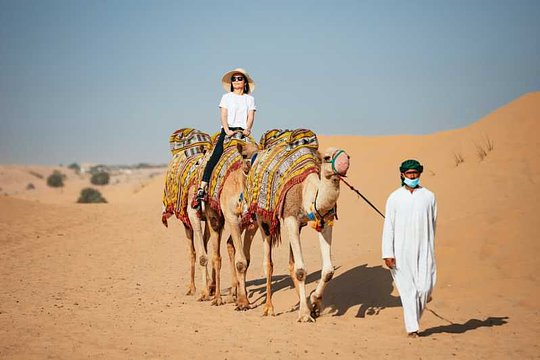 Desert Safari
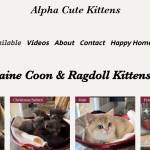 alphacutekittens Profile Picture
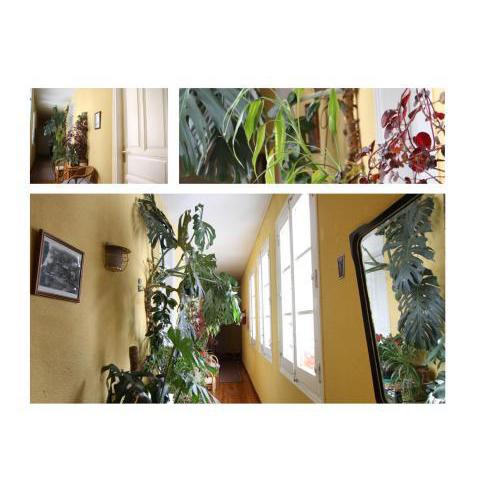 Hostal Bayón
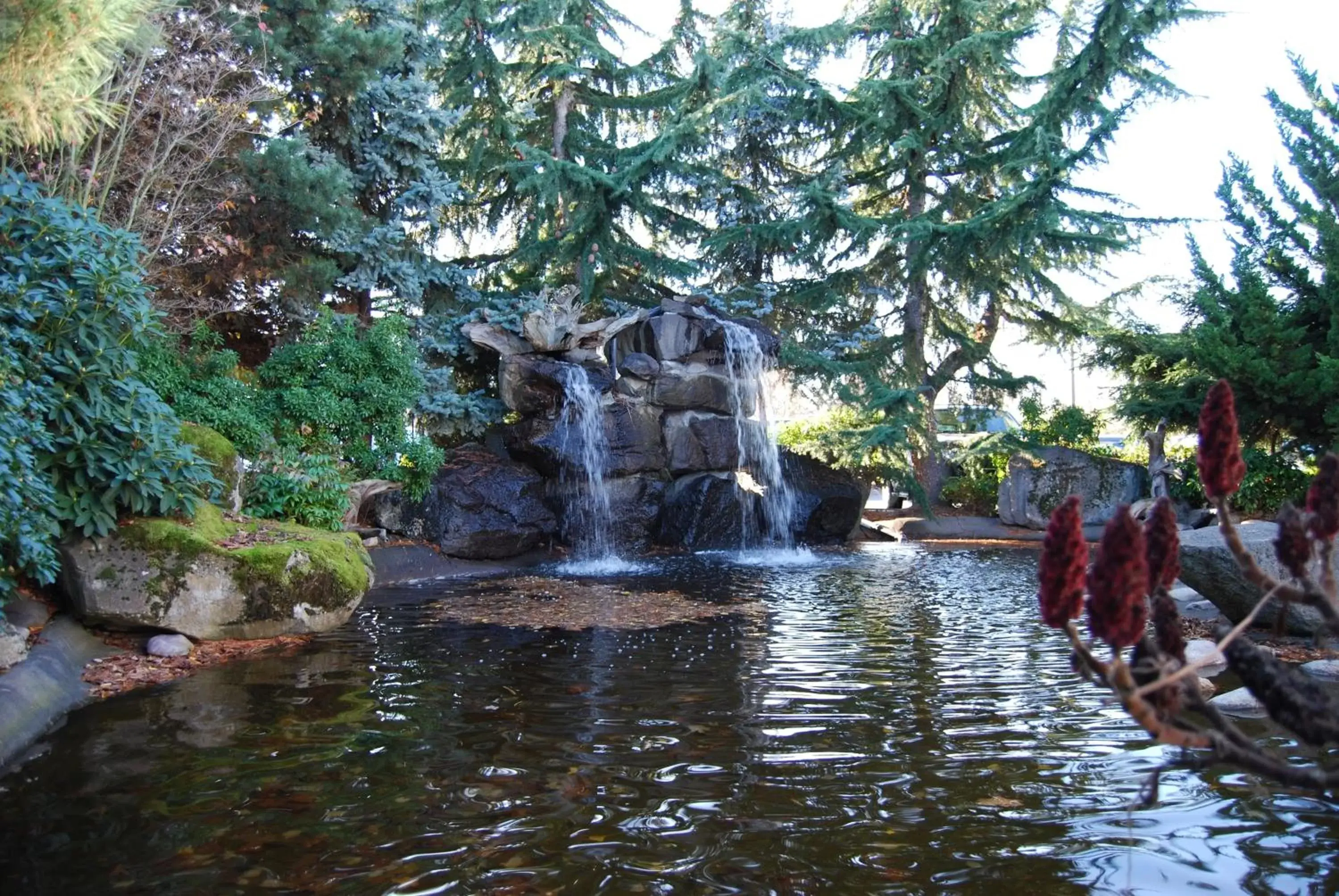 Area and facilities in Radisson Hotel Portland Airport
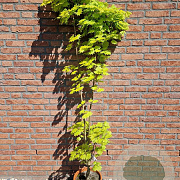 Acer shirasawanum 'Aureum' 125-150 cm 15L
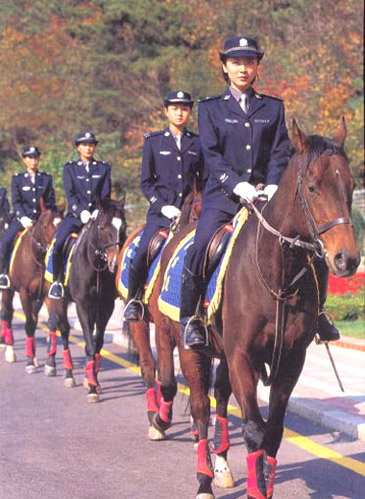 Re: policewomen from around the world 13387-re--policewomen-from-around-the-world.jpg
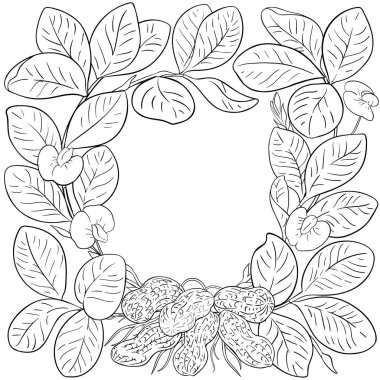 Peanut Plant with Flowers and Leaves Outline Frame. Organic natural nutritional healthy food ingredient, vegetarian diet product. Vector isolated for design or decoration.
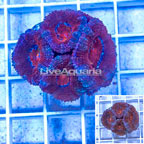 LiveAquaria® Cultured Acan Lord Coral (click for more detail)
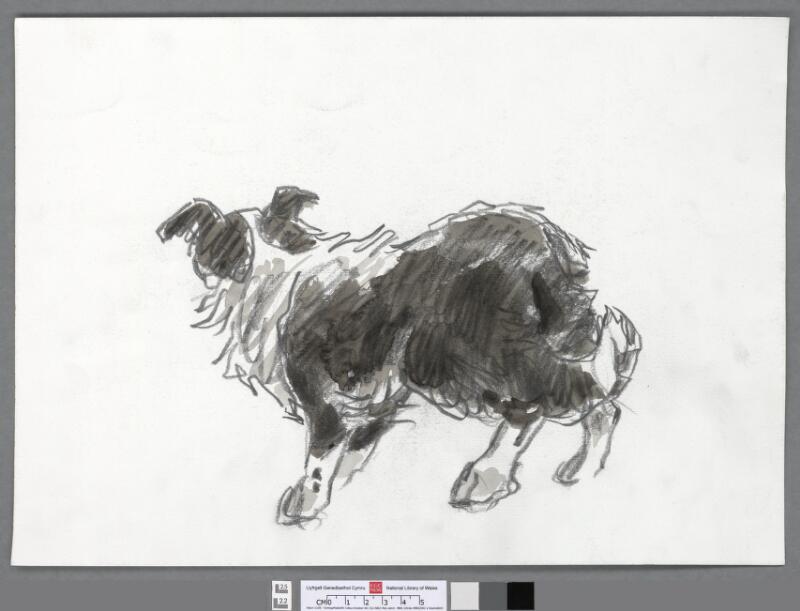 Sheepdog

◆ **YOUR OBJECTIVE**
Pictures are to be left out. Everything else in the records must be written out exactly.

◆ **EXERCISE OUTPUT**
 Desert Safari
 alphacutekittens Profile Picture
 Hostal Bayón
 Area and facilities in Radisson Hotel Portland Airport
 Acer shirasawanum 'Aureum' 125-150 cm 15L
 Re: policewomen from around the world 13387-re--policewomen-from-around-the-world.jpg
 Peanut Plant with Flowers and Leaves Outline Frame. Organic natural nutritional healthy food ingredient, vegetarian diet product. Vector isolated for design or decoration.
 LiveAquaria® Cultured Acan Lord Coral (click for more detail)
 Sheepdog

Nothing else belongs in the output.